OP's point was that those are all techniques that you don't need AMP to implement. So their question is: if those are the reason for you to use AMP, why use AMP and not just implement them directly?


Why not use AMP? If you don't use the special caches, it's just another library.


I really question this "inline all CSS". Consider:

- 1K of HTML with 40K of CSS in a file with a long term cache. Clicking a different page on the site downloads another 1K of HTML.

- A 41K file with everything inlined. Clicking a link downloads another 41K.


The recommendations are to inline the important (render-blocking) CSS, so at most only the part of the CSS that applies to the 1K of HTML should be inlined.


The recommendation you describe is a violation of the AMP standard, which strictly disallows this for performance reasons.


Sorry, I was commenting generally. Don’t know about AMP. How does that make sense, though?
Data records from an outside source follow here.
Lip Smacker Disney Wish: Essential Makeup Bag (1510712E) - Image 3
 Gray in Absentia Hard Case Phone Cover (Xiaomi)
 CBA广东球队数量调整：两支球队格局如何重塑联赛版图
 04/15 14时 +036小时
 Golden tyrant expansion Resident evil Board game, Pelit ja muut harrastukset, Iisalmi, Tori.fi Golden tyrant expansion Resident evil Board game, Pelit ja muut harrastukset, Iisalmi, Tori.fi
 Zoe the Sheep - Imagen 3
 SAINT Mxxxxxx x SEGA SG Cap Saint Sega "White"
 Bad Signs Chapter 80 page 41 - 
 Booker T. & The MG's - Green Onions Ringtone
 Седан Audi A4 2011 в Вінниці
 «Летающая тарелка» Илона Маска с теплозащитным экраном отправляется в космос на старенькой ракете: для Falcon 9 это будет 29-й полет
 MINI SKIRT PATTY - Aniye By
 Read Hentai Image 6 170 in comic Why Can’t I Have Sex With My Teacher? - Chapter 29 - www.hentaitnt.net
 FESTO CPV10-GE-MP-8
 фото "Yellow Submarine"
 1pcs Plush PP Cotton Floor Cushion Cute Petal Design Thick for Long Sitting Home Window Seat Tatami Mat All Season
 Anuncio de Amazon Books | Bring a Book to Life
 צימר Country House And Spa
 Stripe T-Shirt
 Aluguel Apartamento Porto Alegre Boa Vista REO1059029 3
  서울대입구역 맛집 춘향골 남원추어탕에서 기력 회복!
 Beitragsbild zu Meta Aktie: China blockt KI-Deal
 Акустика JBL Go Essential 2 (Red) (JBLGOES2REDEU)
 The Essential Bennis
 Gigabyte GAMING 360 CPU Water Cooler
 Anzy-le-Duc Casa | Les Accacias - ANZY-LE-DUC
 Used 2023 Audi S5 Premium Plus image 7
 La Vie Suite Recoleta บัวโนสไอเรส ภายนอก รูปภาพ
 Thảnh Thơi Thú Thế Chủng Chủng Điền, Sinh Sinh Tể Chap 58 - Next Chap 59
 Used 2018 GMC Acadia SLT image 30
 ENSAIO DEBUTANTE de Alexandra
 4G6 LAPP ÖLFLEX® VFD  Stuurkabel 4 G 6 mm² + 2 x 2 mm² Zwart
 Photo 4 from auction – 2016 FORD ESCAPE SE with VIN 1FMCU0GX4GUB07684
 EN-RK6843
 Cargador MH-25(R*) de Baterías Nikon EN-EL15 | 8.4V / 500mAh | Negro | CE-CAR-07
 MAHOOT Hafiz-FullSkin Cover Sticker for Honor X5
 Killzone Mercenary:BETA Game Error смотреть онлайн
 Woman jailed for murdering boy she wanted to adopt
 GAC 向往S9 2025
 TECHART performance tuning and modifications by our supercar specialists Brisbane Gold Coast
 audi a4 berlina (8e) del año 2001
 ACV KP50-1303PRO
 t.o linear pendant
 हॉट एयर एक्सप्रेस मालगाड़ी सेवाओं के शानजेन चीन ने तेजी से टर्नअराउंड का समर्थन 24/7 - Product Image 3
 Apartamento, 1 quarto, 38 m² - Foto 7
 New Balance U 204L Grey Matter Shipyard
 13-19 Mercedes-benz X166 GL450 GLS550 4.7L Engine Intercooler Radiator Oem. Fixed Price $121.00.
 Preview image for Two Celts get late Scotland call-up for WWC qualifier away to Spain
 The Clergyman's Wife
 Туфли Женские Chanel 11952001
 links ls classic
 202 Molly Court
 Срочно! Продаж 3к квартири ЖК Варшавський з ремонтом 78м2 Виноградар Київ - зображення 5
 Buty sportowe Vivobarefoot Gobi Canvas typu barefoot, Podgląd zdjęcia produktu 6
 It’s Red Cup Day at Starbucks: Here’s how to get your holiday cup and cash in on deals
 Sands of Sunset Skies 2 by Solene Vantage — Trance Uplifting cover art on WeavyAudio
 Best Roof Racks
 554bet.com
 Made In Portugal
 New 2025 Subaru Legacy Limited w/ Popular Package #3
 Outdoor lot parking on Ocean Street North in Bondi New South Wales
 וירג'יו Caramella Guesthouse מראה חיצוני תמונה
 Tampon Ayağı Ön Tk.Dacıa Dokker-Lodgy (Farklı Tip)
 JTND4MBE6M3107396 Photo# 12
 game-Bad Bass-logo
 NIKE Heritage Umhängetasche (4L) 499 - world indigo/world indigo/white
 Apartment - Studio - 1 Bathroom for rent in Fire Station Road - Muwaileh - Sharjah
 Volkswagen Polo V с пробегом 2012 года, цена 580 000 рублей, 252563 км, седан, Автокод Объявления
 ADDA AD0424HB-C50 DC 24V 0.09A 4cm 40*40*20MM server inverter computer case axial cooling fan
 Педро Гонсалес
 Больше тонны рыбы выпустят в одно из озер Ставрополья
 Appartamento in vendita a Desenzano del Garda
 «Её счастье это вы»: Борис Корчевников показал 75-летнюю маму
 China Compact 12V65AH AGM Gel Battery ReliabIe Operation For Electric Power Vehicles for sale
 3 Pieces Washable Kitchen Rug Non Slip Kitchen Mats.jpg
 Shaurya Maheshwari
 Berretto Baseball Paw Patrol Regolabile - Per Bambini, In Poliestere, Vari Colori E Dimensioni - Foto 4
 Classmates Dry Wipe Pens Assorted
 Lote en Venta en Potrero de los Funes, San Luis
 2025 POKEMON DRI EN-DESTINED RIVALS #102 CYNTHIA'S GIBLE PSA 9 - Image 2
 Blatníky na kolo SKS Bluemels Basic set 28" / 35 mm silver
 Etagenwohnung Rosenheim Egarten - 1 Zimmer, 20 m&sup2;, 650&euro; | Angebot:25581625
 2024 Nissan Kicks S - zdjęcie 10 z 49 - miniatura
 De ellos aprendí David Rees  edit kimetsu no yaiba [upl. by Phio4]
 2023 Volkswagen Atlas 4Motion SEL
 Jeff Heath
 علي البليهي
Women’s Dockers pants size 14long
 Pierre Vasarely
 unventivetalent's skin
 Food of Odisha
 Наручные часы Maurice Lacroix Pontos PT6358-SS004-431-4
What performance reasons could there possibly be for inlining CSS that doesn’t apply to any element in a page?


Likewise, I'm sorry, I didn't mean "you have to inline CSS that doesn't apply".

However, if you have non-render blocking CSS, or CSS that's used for below the fold or generally lower down the page content, "only render critical CSS inline" is usually coupled with "and then have the rest of your CSS in an external stylesheet". Which you are not allowed to do.

Accordingly, it's ALL inline, all the time.


When surver push of resources gets better supported by browsers, I bet AMP will be updated to change this restriction.


Ok, but that does not sound like a real world example.


Why not? The Medium link we're all looking at right now has a 43KB CSS stylesheet. It's sent with browser headers giving it a long cache.